(Beginning of INPUT DATA)

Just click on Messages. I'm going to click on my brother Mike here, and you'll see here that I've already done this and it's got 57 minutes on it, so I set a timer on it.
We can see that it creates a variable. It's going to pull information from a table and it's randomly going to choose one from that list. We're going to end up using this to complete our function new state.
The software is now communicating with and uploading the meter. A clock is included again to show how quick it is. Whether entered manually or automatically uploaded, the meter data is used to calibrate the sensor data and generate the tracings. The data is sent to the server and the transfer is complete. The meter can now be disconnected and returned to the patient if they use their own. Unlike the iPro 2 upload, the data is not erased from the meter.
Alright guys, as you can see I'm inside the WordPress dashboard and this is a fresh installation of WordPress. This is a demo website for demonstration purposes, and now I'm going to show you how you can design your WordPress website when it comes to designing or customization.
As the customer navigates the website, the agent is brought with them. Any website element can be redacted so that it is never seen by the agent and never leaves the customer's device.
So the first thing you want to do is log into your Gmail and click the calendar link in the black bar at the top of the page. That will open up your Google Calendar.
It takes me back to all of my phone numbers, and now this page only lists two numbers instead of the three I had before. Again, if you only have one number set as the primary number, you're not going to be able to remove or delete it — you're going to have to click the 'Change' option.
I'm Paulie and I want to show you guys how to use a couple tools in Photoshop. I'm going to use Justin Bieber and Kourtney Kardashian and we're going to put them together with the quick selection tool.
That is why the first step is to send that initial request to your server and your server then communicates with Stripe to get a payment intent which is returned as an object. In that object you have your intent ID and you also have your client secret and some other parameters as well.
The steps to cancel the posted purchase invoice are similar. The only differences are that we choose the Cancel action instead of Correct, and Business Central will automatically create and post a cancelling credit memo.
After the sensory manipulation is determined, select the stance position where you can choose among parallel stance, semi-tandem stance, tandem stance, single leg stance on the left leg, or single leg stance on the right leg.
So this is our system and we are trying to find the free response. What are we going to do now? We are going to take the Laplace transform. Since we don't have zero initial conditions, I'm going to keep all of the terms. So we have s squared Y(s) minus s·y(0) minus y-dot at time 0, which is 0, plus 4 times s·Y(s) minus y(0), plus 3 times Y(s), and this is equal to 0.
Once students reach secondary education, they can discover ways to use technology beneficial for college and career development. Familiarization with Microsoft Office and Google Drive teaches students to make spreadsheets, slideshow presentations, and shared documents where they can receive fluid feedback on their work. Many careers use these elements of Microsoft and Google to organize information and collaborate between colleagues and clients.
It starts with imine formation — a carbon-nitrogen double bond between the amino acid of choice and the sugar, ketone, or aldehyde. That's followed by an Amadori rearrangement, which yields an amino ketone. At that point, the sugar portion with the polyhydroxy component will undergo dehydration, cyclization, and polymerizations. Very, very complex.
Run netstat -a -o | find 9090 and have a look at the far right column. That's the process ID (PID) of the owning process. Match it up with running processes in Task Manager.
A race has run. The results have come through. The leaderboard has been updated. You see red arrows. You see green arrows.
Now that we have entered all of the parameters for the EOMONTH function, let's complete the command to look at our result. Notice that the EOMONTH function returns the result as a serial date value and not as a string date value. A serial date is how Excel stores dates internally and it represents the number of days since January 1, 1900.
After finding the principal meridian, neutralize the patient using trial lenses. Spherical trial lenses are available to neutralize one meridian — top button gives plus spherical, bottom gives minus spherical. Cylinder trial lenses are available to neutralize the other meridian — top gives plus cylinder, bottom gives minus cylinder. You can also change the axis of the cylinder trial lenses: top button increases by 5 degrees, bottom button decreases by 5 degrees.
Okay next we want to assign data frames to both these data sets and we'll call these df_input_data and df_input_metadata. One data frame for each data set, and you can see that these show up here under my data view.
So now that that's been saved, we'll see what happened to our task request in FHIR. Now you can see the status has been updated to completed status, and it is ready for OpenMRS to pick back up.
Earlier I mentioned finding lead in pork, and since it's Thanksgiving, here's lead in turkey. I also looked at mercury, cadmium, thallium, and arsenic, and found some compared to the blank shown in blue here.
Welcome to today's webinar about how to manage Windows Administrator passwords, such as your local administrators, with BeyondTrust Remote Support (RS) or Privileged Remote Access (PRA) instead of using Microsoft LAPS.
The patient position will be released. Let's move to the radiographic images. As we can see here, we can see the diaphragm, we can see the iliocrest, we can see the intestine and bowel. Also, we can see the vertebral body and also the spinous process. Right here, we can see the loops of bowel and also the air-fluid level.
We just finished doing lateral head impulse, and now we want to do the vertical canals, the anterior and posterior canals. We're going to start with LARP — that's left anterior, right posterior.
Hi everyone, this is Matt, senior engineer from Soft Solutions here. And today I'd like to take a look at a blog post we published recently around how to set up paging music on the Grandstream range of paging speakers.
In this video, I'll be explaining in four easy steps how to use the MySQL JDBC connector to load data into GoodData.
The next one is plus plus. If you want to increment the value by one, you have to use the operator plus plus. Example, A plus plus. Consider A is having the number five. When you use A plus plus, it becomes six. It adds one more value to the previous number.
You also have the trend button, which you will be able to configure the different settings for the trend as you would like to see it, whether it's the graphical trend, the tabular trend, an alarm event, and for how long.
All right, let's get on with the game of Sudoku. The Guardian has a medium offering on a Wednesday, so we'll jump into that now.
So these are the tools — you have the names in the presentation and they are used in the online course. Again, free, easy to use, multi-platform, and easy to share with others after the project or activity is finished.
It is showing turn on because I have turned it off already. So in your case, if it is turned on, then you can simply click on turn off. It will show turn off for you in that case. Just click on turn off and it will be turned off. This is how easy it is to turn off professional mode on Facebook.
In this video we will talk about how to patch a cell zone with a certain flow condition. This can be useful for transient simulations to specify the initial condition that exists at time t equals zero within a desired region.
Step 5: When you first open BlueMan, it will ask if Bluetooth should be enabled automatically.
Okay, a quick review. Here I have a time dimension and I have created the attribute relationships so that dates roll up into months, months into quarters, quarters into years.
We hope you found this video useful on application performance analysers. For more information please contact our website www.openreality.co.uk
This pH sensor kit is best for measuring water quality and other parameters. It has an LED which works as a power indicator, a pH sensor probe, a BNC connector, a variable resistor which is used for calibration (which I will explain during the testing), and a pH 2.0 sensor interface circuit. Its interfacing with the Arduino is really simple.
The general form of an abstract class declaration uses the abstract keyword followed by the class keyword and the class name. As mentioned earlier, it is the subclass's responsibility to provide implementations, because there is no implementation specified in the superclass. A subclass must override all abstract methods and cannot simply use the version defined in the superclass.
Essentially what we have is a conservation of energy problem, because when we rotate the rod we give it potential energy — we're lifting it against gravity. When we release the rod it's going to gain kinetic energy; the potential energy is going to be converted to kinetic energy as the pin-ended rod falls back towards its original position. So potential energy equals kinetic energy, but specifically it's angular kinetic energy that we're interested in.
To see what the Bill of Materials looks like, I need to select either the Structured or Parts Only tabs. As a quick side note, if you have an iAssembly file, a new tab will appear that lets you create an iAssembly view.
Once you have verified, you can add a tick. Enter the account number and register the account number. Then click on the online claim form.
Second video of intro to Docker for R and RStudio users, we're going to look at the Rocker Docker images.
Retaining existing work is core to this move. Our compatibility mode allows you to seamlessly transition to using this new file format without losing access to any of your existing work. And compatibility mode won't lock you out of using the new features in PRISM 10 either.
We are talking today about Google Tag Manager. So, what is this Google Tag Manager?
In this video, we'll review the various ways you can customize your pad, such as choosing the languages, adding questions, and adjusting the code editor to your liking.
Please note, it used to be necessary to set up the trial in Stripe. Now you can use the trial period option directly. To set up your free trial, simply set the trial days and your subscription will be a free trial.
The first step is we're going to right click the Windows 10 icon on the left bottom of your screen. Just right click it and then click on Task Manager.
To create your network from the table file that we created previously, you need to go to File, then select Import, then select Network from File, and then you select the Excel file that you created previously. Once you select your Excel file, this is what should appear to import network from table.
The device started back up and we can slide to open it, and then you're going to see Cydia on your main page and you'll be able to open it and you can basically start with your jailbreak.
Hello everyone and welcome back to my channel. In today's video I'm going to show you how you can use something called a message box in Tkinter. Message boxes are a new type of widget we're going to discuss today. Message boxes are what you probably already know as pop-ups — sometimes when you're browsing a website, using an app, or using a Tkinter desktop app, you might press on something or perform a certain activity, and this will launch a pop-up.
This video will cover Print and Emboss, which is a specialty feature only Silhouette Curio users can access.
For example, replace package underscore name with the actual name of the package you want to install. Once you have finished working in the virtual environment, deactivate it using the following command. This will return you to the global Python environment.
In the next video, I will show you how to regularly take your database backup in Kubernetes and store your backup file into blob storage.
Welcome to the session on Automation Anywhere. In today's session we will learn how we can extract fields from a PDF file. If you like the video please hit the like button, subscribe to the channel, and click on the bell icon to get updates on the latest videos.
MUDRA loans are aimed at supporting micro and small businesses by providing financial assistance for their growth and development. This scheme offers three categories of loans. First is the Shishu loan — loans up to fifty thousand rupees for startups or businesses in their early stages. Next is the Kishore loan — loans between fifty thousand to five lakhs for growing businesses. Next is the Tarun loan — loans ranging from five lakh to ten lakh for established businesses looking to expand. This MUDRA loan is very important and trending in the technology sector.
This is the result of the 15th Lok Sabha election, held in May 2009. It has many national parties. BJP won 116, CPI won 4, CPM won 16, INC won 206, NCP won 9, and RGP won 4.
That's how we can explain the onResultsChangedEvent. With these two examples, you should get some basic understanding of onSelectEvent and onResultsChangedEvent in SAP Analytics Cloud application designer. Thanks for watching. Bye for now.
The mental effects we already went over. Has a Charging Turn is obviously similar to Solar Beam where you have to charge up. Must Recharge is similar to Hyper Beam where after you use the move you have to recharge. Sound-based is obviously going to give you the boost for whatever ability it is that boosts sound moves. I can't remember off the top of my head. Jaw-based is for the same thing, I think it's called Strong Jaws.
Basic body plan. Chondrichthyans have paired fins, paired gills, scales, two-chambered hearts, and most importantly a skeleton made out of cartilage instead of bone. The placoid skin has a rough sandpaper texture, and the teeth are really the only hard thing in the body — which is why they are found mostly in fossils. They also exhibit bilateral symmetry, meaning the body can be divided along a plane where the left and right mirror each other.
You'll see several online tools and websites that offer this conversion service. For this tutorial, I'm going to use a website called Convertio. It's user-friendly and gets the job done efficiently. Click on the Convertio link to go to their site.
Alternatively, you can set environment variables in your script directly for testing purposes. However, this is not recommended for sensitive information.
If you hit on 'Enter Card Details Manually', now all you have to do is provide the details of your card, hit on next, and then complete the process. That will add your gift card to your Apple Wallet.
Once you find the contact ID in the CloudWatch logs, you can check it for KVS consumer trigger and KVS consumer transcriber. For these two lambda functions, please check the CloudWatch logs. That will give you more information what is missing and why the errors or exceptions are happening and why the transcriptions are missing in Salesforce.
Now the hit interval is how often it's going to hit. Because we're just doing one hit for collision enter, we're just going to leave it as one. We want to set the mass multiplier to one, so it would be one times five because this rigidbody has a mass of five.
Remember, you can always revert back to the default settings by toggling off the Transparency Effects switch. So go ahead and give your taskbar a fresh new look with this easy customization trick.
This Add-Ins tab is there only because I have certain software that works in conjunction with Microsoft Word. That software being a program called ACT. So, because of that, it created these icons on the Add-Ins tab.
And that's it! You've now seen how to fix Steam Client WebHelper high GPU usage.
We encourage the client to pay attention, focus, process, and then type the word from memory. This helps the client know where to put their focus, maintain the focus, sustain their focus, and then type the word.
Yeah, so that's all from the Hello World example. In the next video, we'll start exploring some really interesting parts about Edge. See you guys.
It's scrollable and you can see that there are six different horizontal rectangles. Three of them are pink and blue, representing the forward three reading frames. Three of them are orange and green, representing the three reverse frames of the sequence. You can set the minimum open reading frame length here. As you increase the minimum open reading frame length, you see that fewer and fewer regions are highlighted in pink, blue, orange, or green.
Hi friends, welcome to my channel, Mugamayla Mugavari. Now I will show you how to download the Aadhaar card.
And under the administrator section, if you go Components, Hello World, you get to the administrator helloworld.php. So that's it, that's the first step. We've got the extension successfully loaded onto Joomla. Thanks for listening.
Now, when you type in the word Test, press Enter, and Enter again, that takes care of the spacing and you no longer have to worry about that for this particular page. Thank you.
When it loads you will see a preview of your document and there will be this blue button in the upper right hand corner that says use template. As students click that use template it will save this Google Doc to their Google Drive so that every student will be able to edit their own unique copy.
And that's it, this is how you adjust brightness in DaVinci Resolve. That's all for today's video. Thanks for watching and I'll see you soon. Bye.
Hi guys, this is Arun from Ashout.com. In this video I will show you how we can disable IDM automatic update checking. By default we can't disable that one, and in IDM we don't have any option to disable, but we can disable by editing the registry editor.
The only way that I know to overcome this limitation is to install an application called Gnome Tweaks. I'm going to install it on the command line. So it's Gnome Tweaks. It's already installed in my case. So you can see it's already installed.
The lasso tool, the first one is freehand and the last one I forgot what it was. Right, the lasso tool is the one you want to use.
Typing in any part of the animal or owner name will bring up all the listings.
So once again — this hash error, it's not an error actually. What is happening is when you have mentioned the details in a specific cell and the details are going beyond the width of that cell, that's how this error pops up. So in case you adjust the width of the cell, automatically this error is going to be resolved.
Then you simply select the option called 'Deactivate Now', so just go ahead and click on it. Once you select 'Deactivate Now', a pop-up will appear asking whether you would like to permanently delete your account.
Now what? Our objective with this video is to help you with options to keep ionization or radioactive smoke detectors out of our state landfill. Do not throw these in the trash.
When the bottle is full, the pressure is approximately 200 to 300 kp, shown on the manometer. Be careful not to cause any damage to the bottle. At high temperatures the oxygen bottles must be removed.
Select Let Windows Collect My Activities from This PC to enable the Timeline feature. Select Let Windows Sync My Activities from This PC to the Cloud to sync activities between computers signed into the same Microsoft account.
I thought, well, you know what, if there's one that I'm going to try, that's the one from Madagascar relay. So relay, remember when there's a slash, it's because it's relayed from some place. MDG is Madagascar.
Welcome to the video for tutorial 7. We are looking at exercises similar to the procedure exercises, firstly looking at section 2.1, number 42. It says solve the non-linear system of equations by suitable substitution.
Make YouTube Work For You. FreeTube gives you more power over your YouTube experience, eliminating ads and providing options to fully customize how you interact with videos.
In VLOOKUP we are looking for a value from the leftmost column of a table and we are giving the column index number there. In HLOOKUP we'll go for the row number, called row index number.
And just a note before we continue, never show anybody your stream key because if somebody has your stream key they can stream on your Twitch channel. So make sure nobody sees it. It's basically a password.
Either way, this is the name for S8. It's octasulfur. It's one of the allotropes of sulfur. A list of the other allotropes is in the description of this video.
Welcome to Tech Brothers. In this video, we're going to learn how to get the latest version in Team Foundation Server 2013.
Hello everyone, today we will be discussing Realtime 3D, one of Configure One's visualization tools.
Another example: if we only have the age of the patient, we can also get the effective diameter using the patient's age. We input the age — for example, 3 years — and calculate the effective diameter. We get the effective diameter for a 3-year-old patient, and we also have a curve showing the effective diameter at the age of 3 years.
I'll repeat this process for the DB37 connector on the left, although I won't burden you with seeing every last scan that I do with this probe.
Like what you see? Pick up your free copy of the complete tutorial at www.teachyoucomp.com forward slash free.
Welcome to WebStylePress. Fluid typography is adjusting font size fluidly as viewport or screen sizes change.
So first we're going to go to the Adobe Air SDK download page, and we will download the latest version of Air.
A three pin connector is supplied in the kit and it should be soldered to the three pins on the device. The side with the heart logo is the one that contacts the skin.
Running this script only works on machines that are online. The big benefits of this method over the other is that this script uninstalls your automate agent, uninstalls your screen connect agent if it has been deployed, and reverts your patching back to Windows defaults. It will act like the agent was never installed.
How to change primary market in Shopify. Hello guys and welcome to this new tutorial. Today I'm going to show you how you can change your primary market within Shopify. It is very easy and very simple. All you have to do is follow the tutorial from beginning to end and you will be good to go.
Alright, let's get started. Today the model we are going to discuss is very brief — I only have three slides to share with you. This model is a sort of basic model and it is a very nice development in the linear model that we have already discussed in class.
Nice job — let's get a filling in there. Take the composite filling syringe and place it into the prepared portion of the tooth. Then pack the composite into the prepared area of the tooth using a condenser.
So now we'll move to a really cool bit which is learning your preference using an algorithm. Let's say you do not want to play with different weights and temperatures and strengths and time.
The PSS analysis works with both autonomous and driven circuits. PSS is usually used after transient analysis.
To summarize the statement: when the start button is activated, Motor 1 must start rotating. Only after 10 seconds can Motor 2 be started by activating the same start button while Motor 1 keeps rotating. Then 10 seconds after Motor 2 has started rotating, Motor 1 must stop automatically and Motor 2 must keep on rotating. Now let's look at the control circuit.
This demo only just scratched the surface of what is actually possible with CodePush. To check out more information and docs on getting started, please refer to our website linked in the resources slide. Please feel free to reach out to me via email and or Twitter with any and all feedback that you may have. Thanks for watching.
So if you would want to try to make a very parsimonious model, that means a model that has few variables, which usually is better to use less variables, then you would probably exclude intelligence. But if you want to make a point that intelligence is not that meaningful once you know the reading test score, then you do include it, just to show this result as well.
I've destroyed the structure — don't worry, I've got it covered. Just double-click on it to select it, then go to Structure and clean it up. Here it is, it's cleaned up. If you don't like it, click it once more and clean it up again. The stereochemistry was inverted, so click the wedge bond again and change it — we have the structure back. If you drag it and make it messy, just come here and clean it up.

(End of INPUT DATA)

Retype the portion of the data above that starts on the line with "I'm Paulie and" and finishes on the line with "That is why", including both of those lines.

EXERCISE SOLUTION:
I'm Paulie and I want to show you guys how to use a couple tools in Photoshop. I'm going to use Justin Bieber and Kourtney Kardashian and we're going to put them together with the quick selection tool.
That is why the first step is to send that initial request to your server and your server then communicates with Stripe to get a payment intent which is returned as an object. In that object you have your intent ID and you also have your client secret and some other parameters as well.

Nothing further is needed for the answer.